> Material for this task:
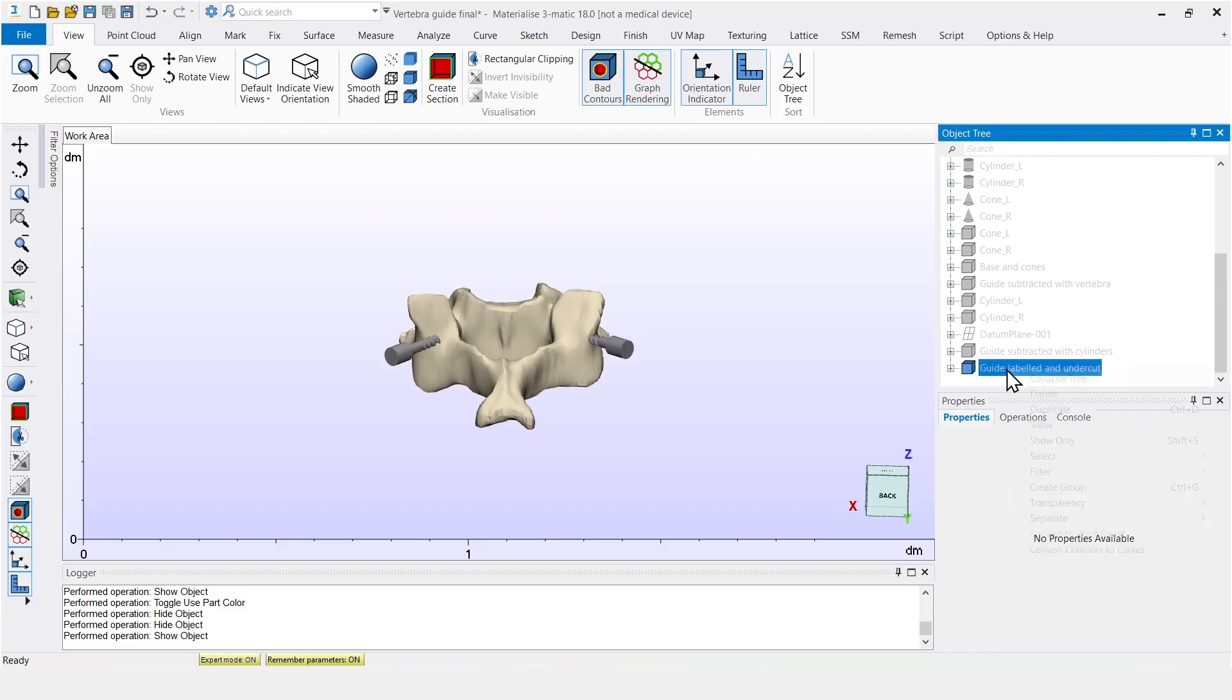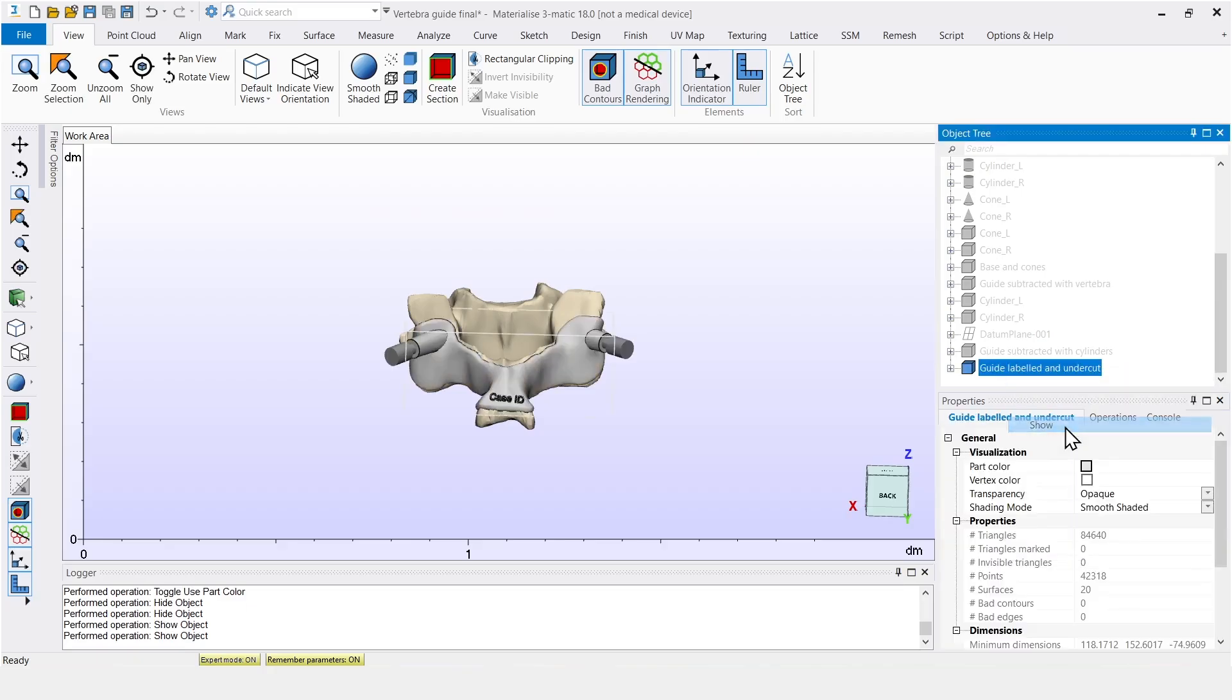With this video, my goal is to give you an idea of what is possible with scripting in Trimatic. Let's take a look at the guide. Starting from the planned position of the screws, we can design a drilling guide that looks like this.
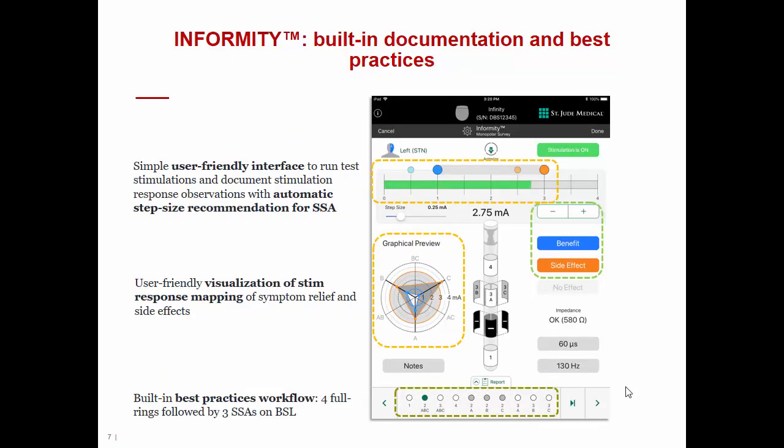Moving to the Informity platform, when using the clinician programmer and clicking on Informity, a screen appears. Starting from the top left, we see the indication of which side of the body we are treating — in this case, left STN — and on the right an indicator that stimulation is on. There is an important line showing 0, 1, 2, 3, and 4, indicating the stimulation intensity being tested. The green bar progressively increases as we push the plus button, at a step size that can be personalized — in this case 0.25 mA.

---

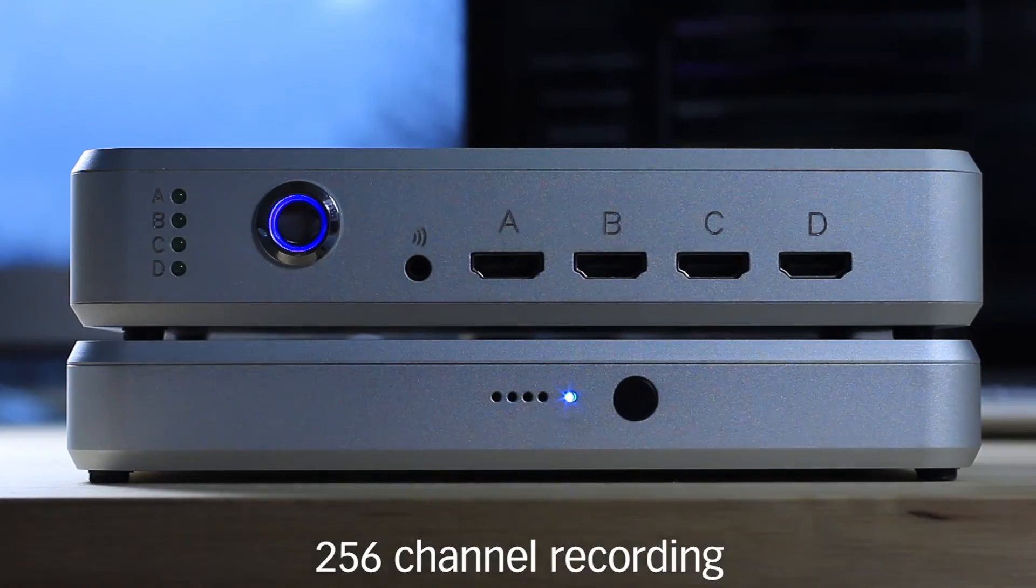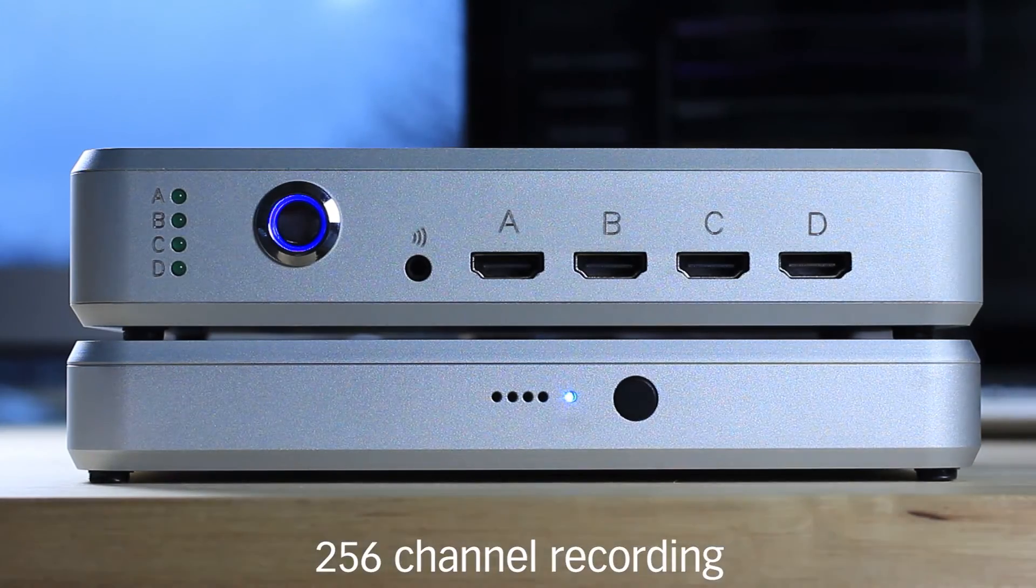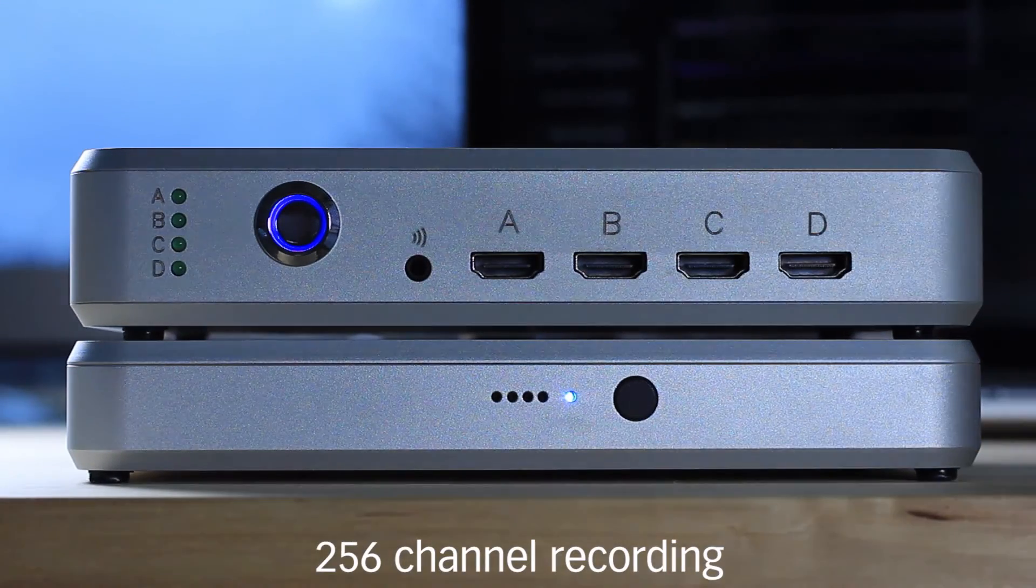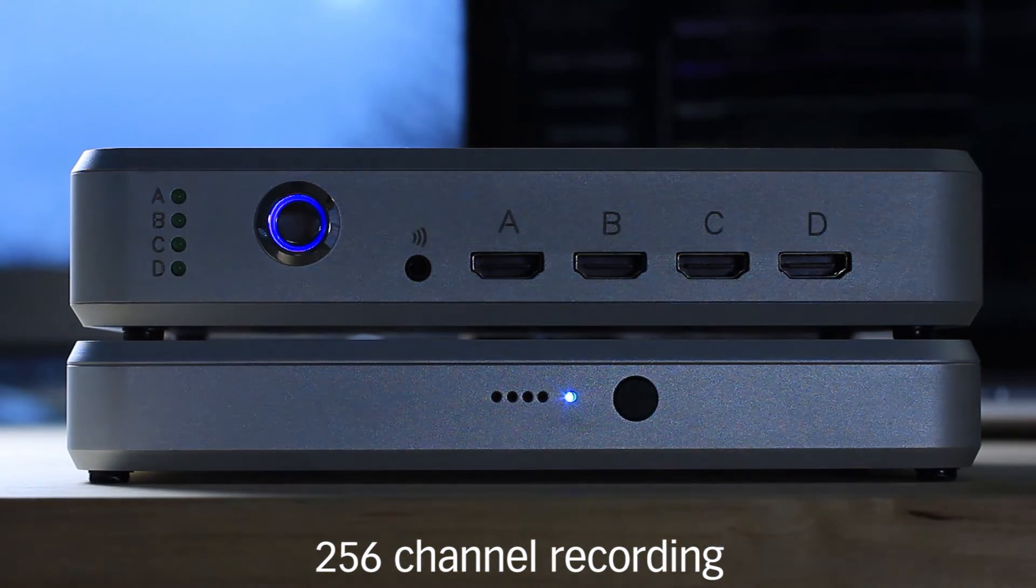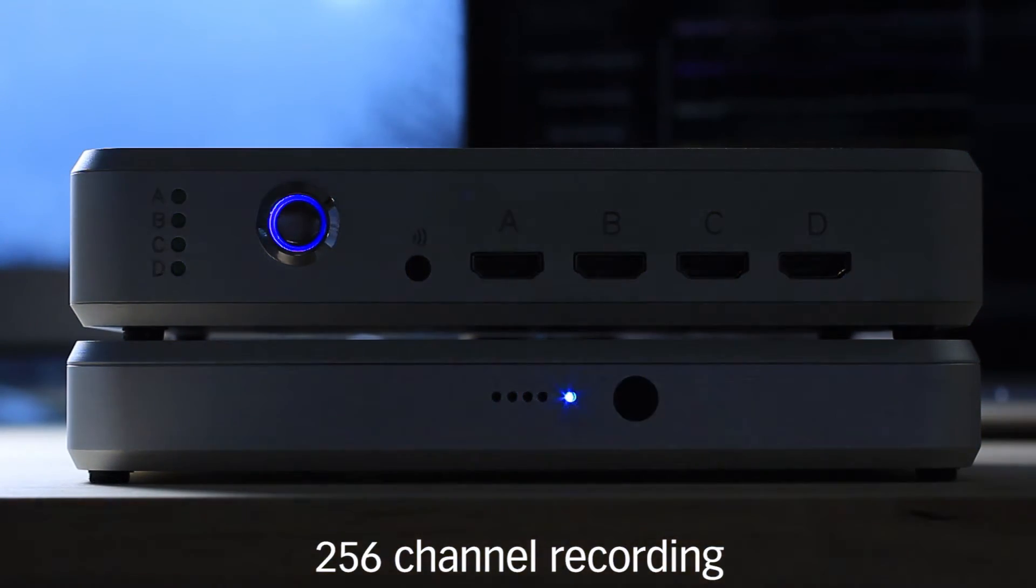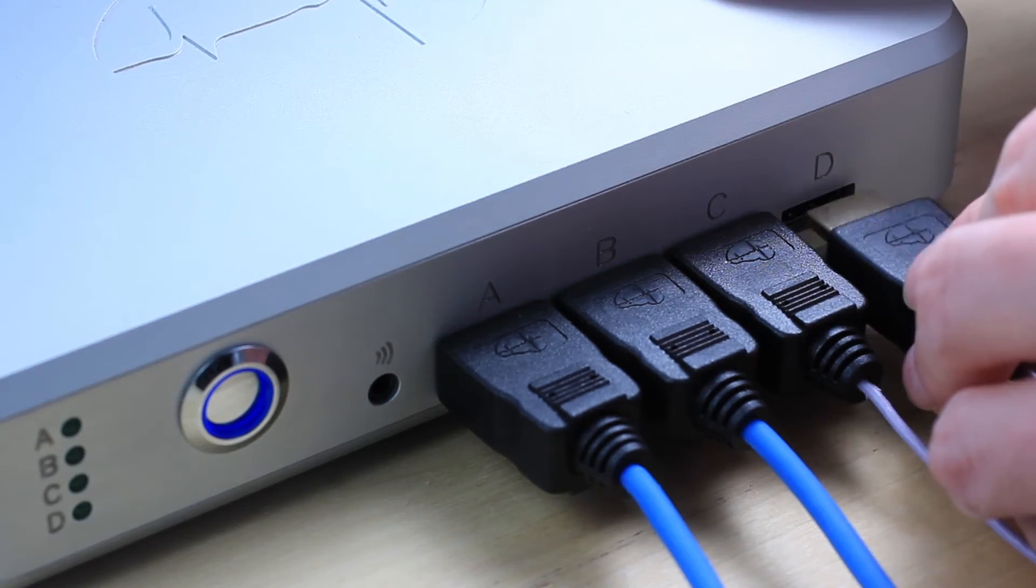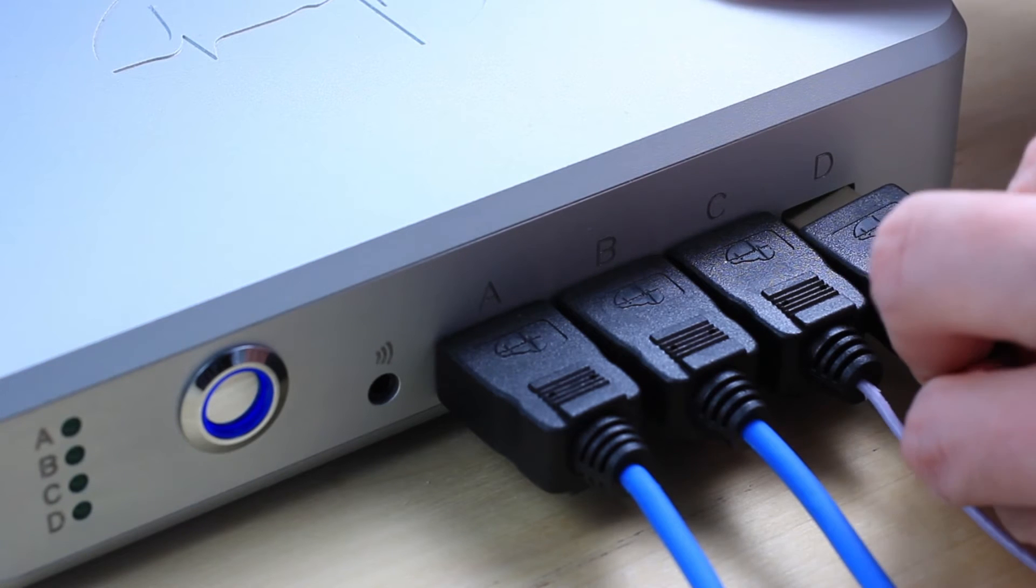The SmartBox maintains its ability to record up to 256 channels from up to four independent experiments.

> Problem details: Above are some records; quote exactly and only the lines that begin at the line containing "With this video, my" and stop after the line containing "Moving to the", leaving out the pictures.

> Result of this exercise:
With this video, my goal is to give you an idea of what is possible with scripting in Trimatic. Let's take a look at the guide. Starting from the planned position of the screws, we can design a drilling guide that looks like this.
Moving to the Informity platform, when using the clinician programmer and clicking on Informity, a screen appears. Starting from the top left, we see the indication of which side of the body we are treating — in this case, left STN — and on the right an indicator that stimulation is on. There is an important line showing 0, 1, 2, 3, and 4, indicating the stimulation intensity being tested. The green bar progressively increases as we push the plus button, at a step size that can be personalized — in this case 0.25 mA.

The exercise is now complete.